And the sage Oloffe dreamed a dream—and, lo! the good St. Nicholas came riding over the tops of the trees, in that self-same wagon wherein he brings his yearly presents to children. And he descended hard by where the heroes of Communipaw had made their late repast. And he lit his pipe by the fire, and sat himself down and smoked; and as he smoked the smoke from his pipe ascended into the air, and spread like a cloud overhead. And Oloffe bethought him, and he hastened and climbed up to the top of one of the tallest trees, and saw that the smoke spread over a great extent of country—and as he considered it more attentively he fancied that the great volume of smoke assumed a variety of marvelous forms, where in dim obscurity he saw shadowed out palaces and domes and lofty spires, all of which lasted but a moment, and then faded away, until the whole rolled off, and nothing but the green woods were left. And when St. Nicholas had smoked his pipe he twisted it in his hatband, and laying his finger beside his nose, gave the astonished Van Kortlandt a very significant look, then mounting his wagon, he returned over the treetops and disappeared.
And Van Kortlandt awoke from his sleep greatly instructed, and he aroused his companions, and related to them his dream, and interpreted it that it was the will of St. Nicholas that they should settle down and build the city here; and that the smoke of the pipe was a type how vast would be the extent of the city, inasmuch as the volumes of its smoke would spread over a wide extent of country. And they all with one voice assented to this interpretation excepting Mynheer Ten Broeck, who declared the meaning to be that it would be a city wherein a little fire would occasion a great smoke, or, in other words, a very vaporing little city—both which interpretations have strangely come to pass!
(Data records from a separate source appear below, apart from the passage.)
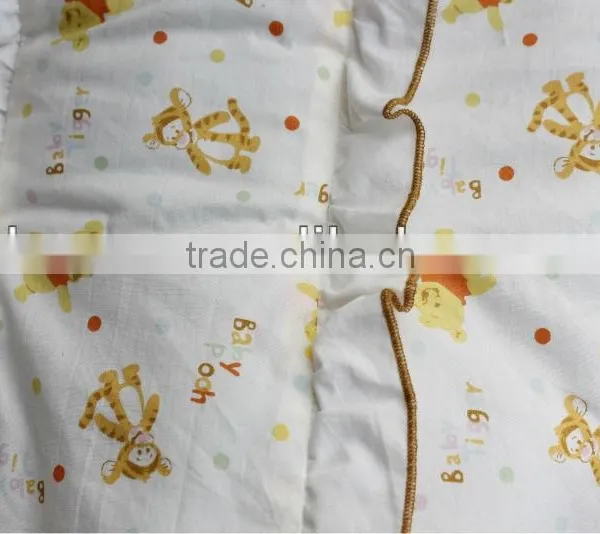 Hand Made Cradle Baby Moses Basket / Moses Basket Set /maize Basket/ Bassinet,/ Corn Basket /with Rocking Stand BB008 photo-2
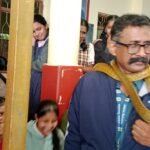 भीती नको – जिज्ञासा बाळगा : सर्प मित्र सदाशिव पाटील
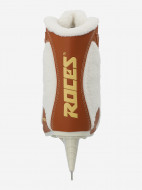 Фитнес-коньки женские Roces RSK 2 Eco-Fur — фото №4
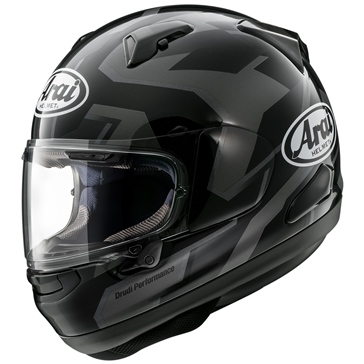 ARAI Signet-X Full-Face Helmet Robotik - Summer
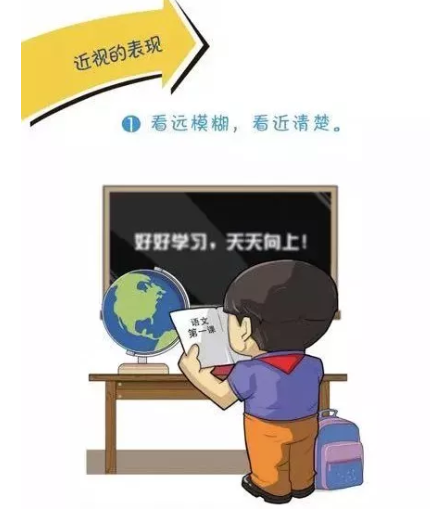 小学三年级是近视“分水岭”？网课是“视力杀手”？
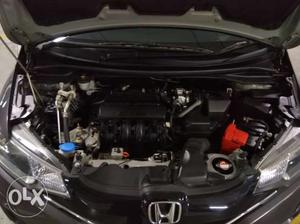 Honda Jazz VX petrol  year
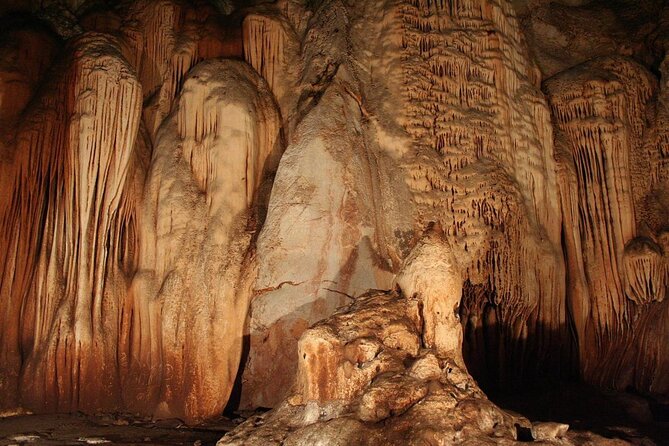 Full-Day Chiang Dao Kayaking, Caving, and Jungle Tour From Chiang Mai - Tour Details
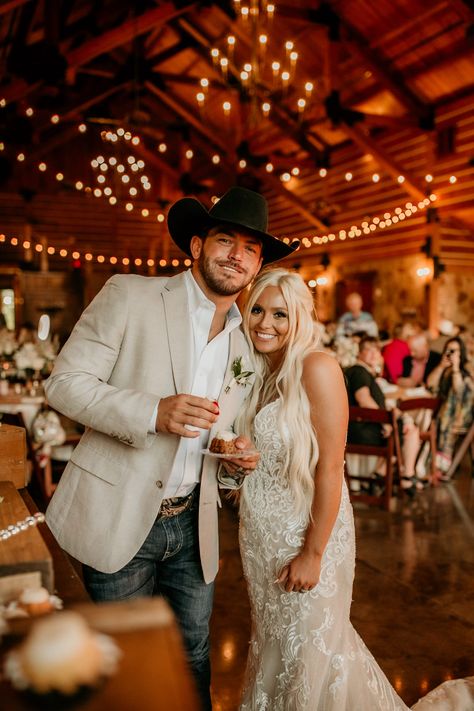 Black Suit And Cowboy Hat Wedding, Gold Dress Matching Couple, Groom Cowboy Wedding Outfit, Groom Country Wedding Attire Jeans, Boots And Jeans Groomsmen, Groom Jeans And Jacket, Western Ring Bearer Outfit, Cowboy Wedding Outfit For Men, Formal Western Wedding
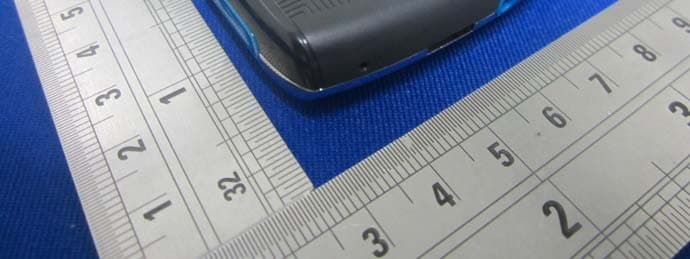 Mobile Phone - FCC ID OZHMBTTXT - Shenzhen MobiTek Technology Limited (1)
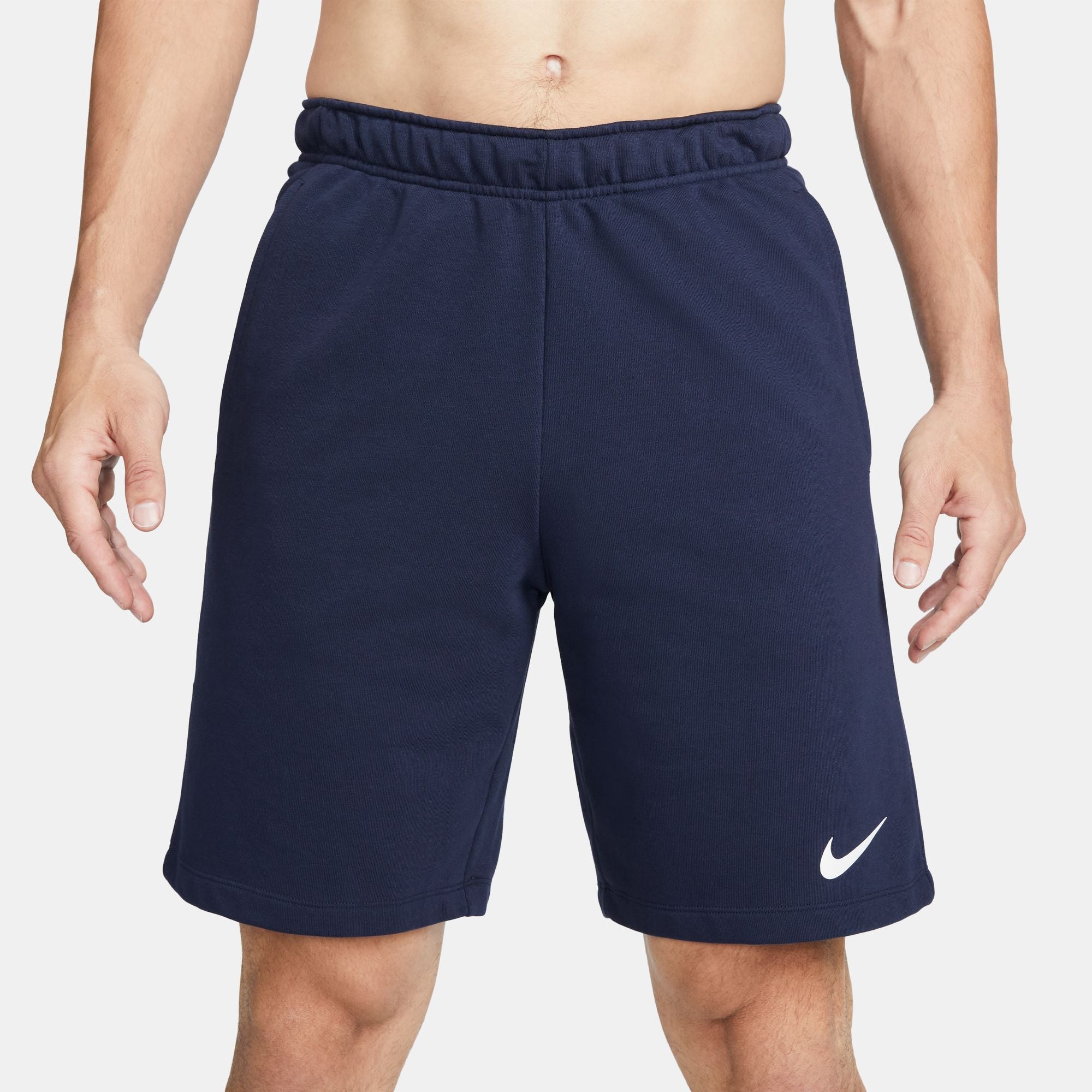 Mens Dri-Fit Fleece Short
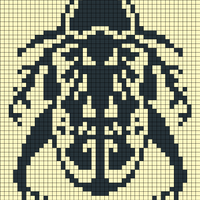 Smaller Beetle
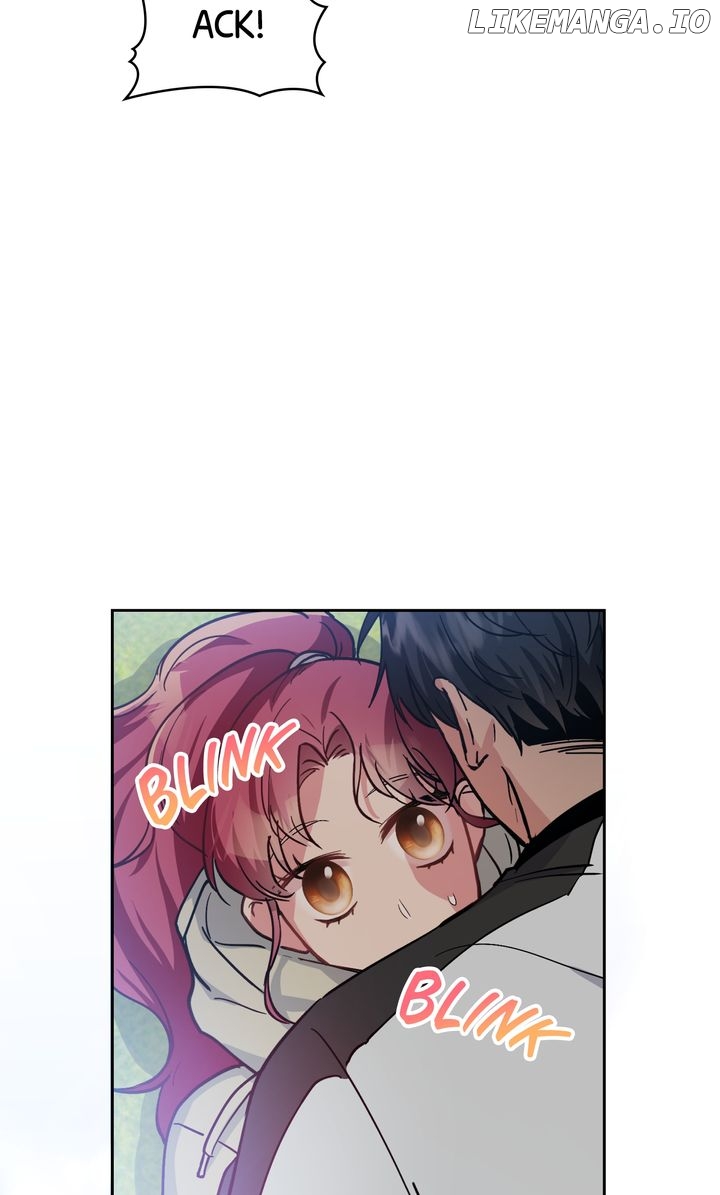 Romantic Pitch Chapter 21 - page 86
—Washington Irving, Dietrich Knickerbocker’s History of New-York
I have spent Christmas in many places in my time, and there are many more in which I would like to spend it. Dom Guéranger, in his coverage of the feast in the Liturgical Year, declares that “There are three places on this earth of ours which we should visit to-night. For two of them, it can only be in spirit.” Thereupon he launches into a beautiful description of Christmas at Bethlehem and Rome. But as to the remaining one, he says
And now to the third of the sanctuaries, wherein is to be effected, this Night, the mystery of the Birth of Jesus. This third Sanctuary is near us; it is in us; it is our own heart. Our heart is the Bethlehem that Jesus desires to visit, and in which he would be born, there to live and grow unto a perfect man, as St Paul expresses it [Eph. iv 53]. Why, after all, was he born in the stable of the city of David, but that he might make sure of our heart, which he loved with an everlasting love, and so ardently that he came down from heaven to dwell in it? Mary’s virginal womb held him but for nine months; he wishes us to keep him for ever in our dwelling!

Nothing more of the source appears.